Every line of the data below is to be given again as it appears, with the images removed.

• Information shown:
--- START ---

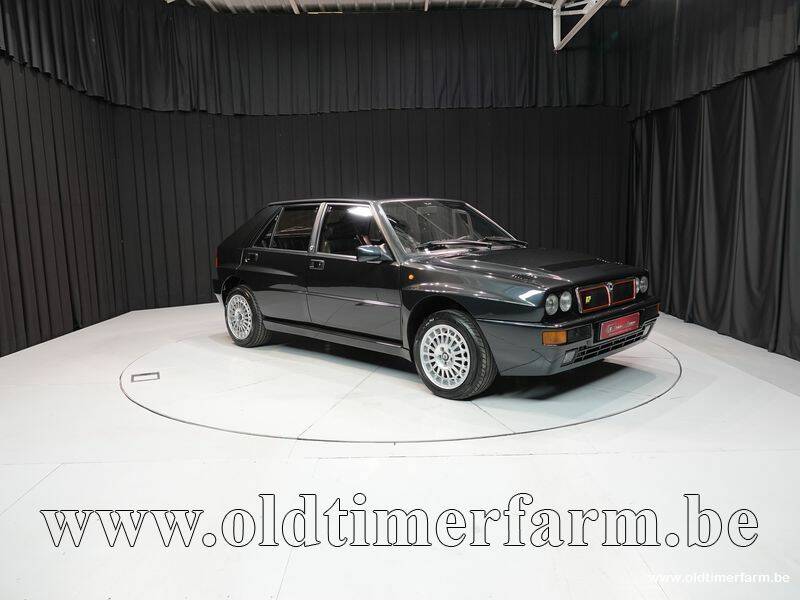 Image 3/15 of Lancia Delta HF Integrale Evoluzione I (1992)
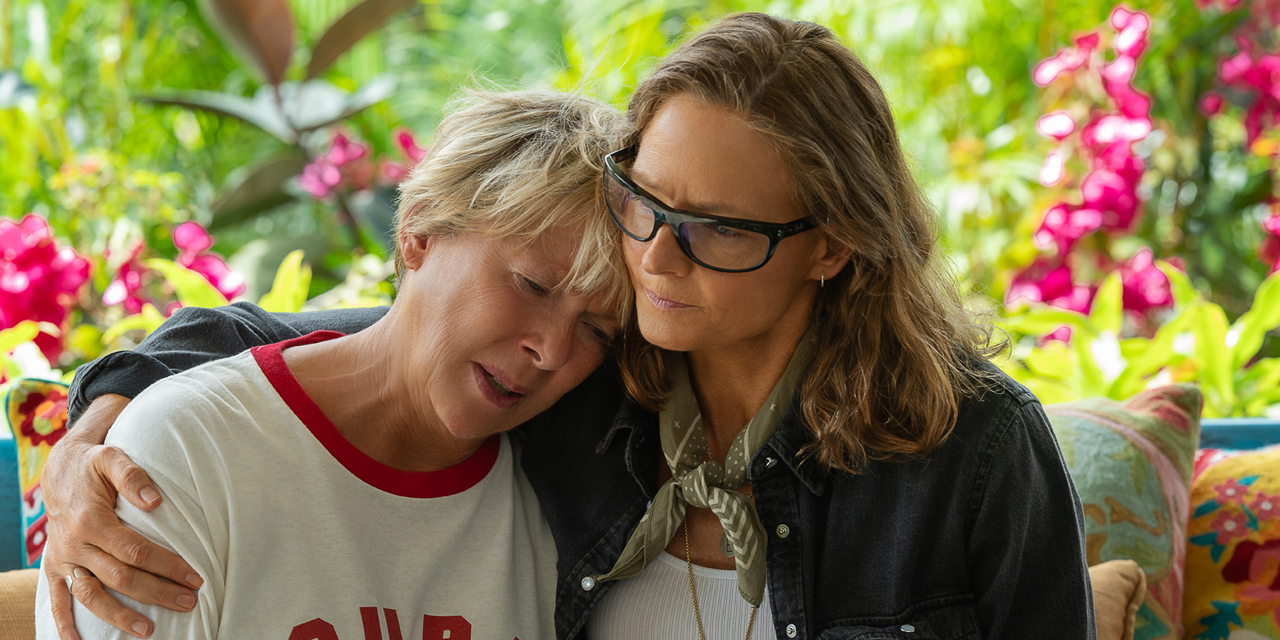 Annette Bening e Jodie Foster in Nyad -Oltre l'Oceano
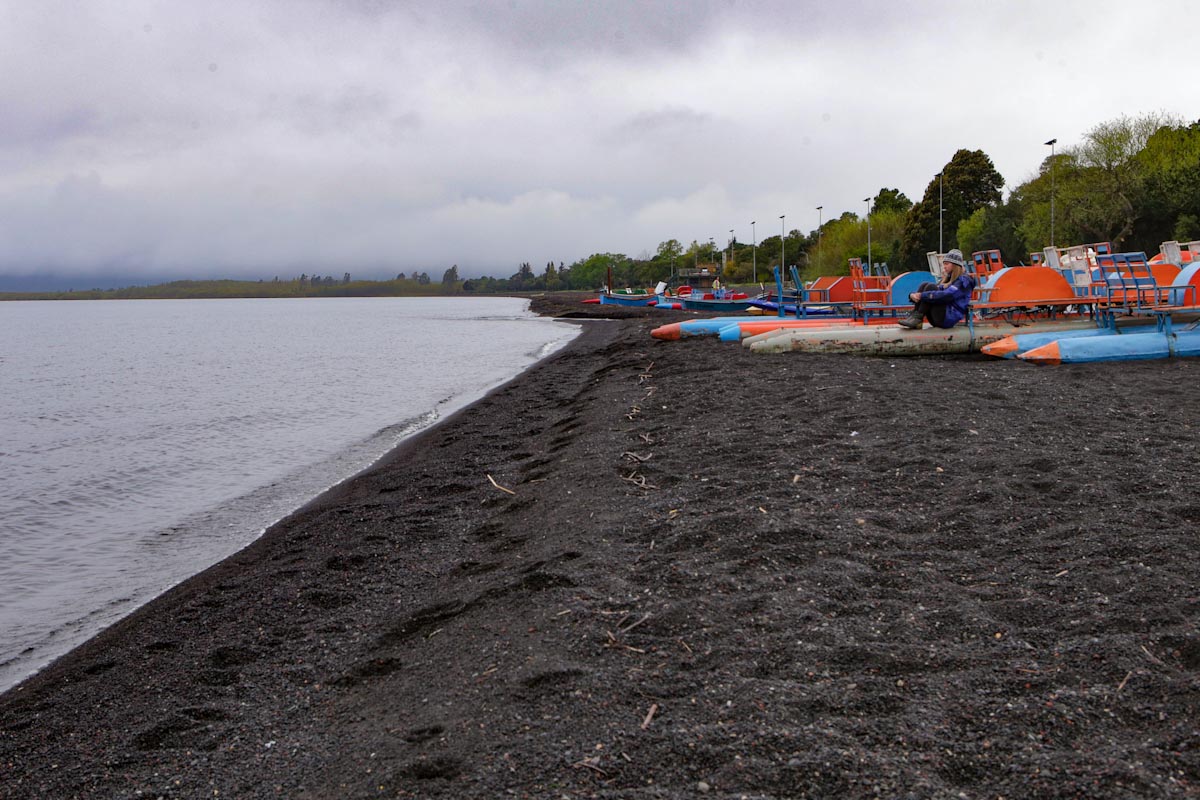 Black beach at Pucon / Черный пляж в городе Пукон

--- END ---

• Solution to this problem:
 Image 3/15 of Lancia Delta HF Integrale Evoluzione I (1992)
 Annette Bening e Jodie Foster in Nyad -Oltre l'Oceano
 Black beach at Pucon / Черный пляж в городе Пукон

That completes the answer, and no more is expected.